Michael Dulitz serves as Grand Forks Public Health’s first Opioid Response Project Coordinator.

A Call to Action

Over the last three years, 10 people have died in Grand Forks County from opioid overdose. While a devastating statistic, experts say this is just the tip of the iceberg.

Opioid use in the county has contributed to a 78 percent increase in hepatitis C cases, over 150 overdoses, and, most importantly, countless lives and families devastated.

Michael Dulitz, ’17, has seen the effects of opioid use and overdose firsthand as a paramedic on the front lines. Many days on the job, his eyes were opened to the urgency of care needed for people who use opioids beyond what they were receiving in the emergency room. “A person who had overdosed would be dropped off at the ER, given naloxone, a medication to reverse the opioid overdose, and then be back in the community without the support they needed for overall wellness,” Dulitz explained.

He would often see the same person at the ER time and time again and became determined to take his frustrations and turn them into solutions. “You see a lot of stigma related to substance use. An individual gets one chance and then they are kicked out of a program. They are still a person. The challenge was, ‘how do we build the infrastructure to help those individuals?’”

After earning his master’s degree in Public Health from UND in 2017, Dulitz learned that Grand Forks was one of nine communities to receive the State Targeted Response to the Opioid Crisis Grant from the North Dakota Department of Human Services, Behavioral Health Division. The $180,000 grant, devoted to prevention and treatment, would be used to prevent opioid overdose and deaths, promote long-term recovery and partner with existing efforts for primary prevention. This was a part of Grand Forks Mayor Michael Brown’s 2017 Call to Action on Addiction and Substance Abuse.

The challenge was, ‘how do we build the infrastructure to help those individuals?’

With his undergraduate degree in sociology and master’s in Public Health, along with his frontline experience, Dulitz was equipped with the skillset needed to become Grand Forks Public Health’s first Opioid Response Project Coordinator – a position made possible through the state’s Opioid Crisis Grant.  

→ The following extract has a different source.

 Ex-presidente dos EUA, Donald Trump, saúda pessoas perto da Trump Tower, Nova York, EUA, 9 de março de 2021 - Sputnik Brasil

In the short time since the program began, Dulitz and other empowered individuals have changed the horizon of opioid prevention and treatment in the community. “It’s really a three-legged stool of recovery that’s been established. Number one is the medication assisted treatment, followed by counseling and then peer support,” Dulitz said.

In partnering with Spectra Health in Grand Forks, providers have been able to increase access to medication assisted treatment. A next step after an individual’s withdrawals have been stabilized is to provide counseling, in which Grand Forks Public Health has joined forces with Agassiz Associates to provide treatment services to inmates at Grand Forks County Correctional Center. And, finally, F5 Project and Face It Together are two non-profits in the community that provide ongoing peer support for those in recovery.

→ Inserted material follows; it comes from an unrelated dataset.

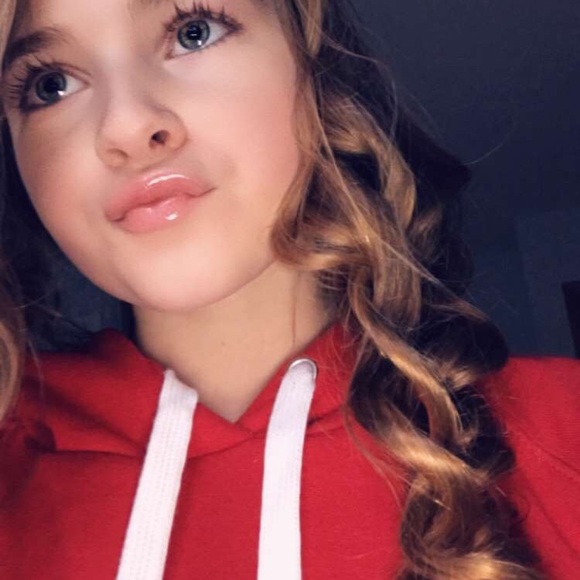 Profile Picture of Izzy Genualdi (@izzygenualdi) on Poshmark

“One of the most rewarding aspects is seeing the growth in the community addiction infrastructure. Before this grant, we had no medication provided treatment centers. Now we have two. There were no options at the Grand Forks County Correctional Center. The program has now seen 40 people,” Dulitz explained.   

In addition, from 2017 to 2018, the year in which opioid response efforts have been in place, there has been a 43 percent decrease in opioid overdoses in the community.

While the statistics are encouraging, Dulitz says his work each day isn’t just about someone being clean, sober or substance free. “We want each life to have meaning. How do we get these individuals healthy so they can become connected in the community? We want to help them to have good relationships, jobs, homes, and to be happy,” Dulitz smiled.